FG = 0.50 × max (E1, E2) + 0.20 × C + 0.30 × P

Observation 1: C and P continuous assessment grades are not recoverable.

Observation 2: It is considered that the student has submitted to the announcement of the subject ifany of the two exams that give rise to the E1 or E2 notes are presented. in case otherwise, it will be a Non Presented, even if it has a continuous evaluation grade (C and / or P).

Assessment Activities

Title Weighting Hours ECTS Learning Outcomes
Final exam / Reassessment (E) 0,50 10 0.4 2, 3, 13, 4, 5, 6, 7, 8, 12, 11, 15
Practical exam (P) 0,30 12 0.48 1, 2, 3, 13, 10, 4, 5, 6, 7, 8, 12, 11, 9, 15, 14, 16
Problems delivery (C) 0,20 8 0.32 2, 3, 13, 4, 5, 6, 7, 8, 12, 11, 9, 15, 16


Berger, R.L., Casella, G.: Statistical Inference. Duxury Advanced Series. 2002.

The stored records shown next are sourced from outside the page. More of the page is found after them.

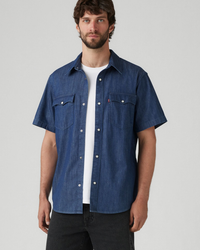 Levi's® S/S Relaxed Fit Western Denim Shirt - Olsen Dark Wash | Levi's® Shirts | JEANSTORE
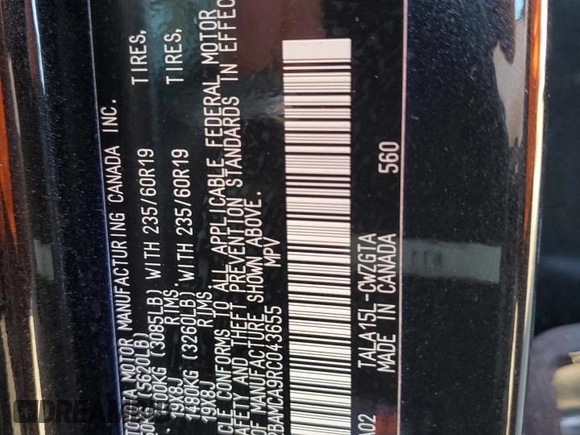 2024 Lexus RX with VIN 2T2BAMCA9RC043655, listed as a Copart auction lot 74628044 with 25,333 mi miles and Salvage Title. Bid and sale history available at carsss.com. Image 13.
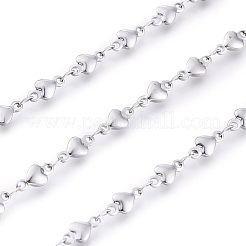 Tarnish Resistant 304 Stainless Steel Link Chains&nbsp;CHS-G014-21P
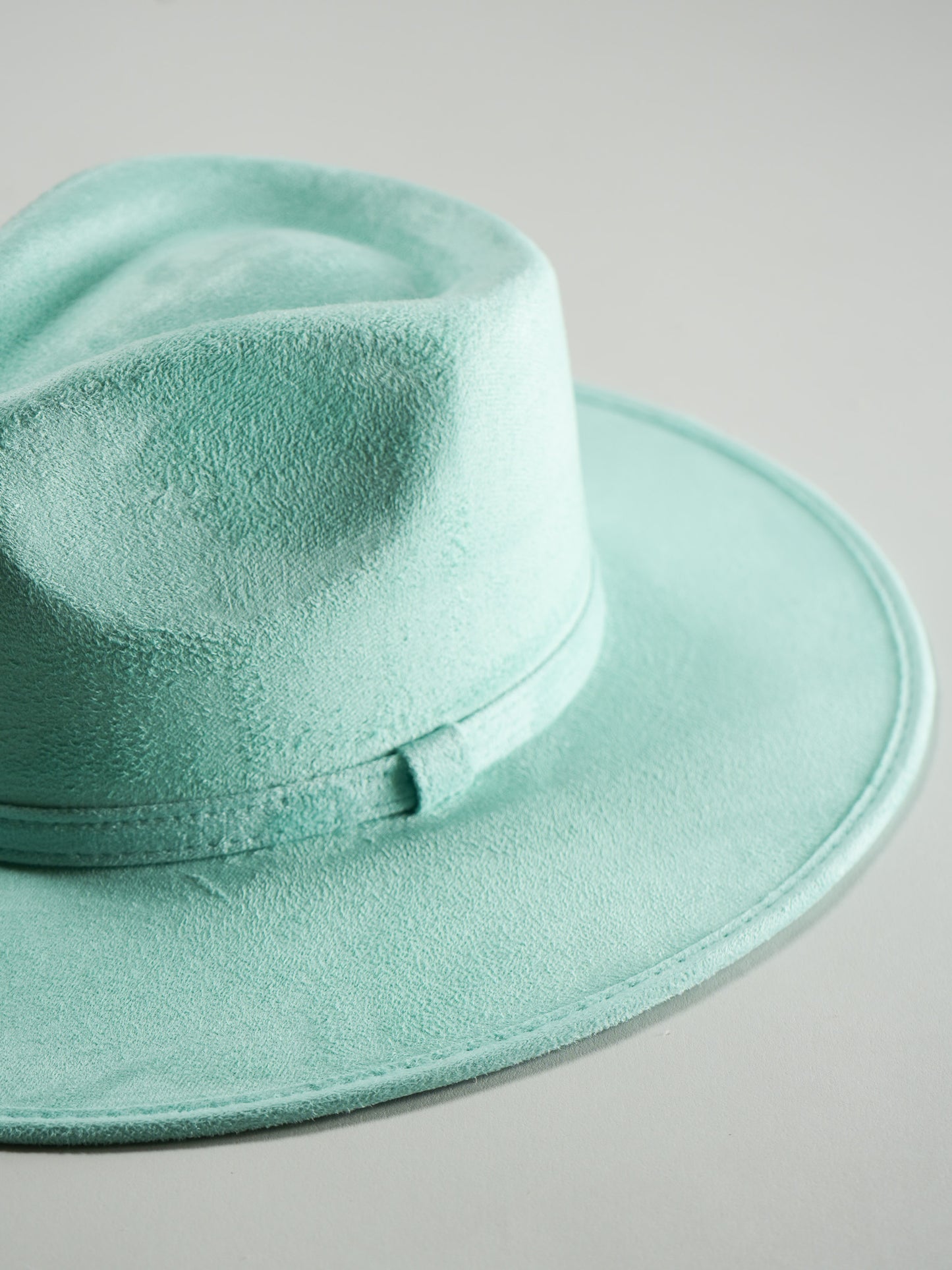 Vegan Suede Rancher Hat- Mint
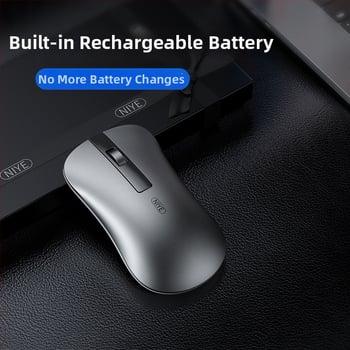 XM10 безжична мишка с двойна свързаност 2.4G/Bluetooth, 1600 DPI, USB интерфейс, 4 бутона, презареждаща се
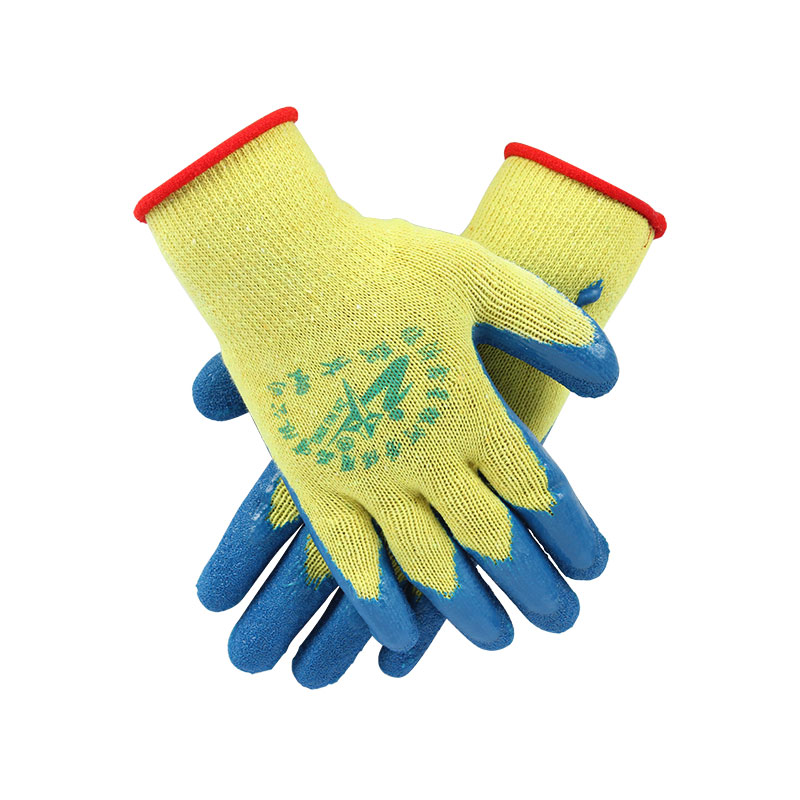 牛郎星紗線皺紋勞保手套圖片1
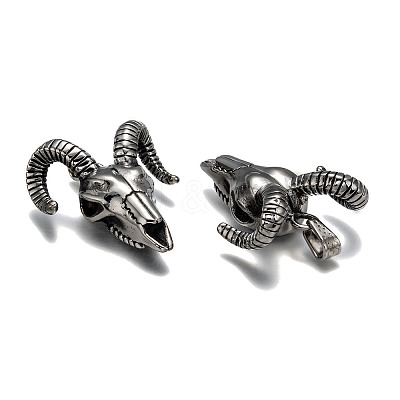 Cattle Skull 304 Stainless Steel Big Pendants X-STAS-M206-100AS-1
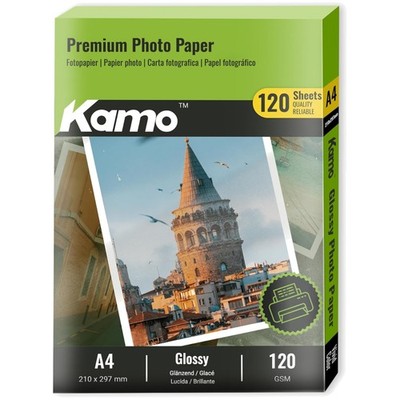 Fotopapier A4 Hochglanz 120g/m² 120Blatt für Fotos Poster Drucke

Daalgard, P.: Introductory Statistics with R. Springer. 2008.

Daniel, W.W.: Biostatistics. Wiley. 1974.

DeGroot, M. H.: Schervish, M.J. Probability and Statistics. Pearson Academic. 2010.

Peña, D.: Estadística. Fundamentos de estadística. Alianza Universidad. 2001.

R Tutorial. An introduction to Statistics. https://cran.r-project.org/manuals.html. juny 2019.

Silvey, S.D.: Statistical Inference. Chapman&Hall. 1975.

Novales, A.: Econometría Graw-Hill 2000.


The software to be used to work with the data will be Excel and the statistical program R.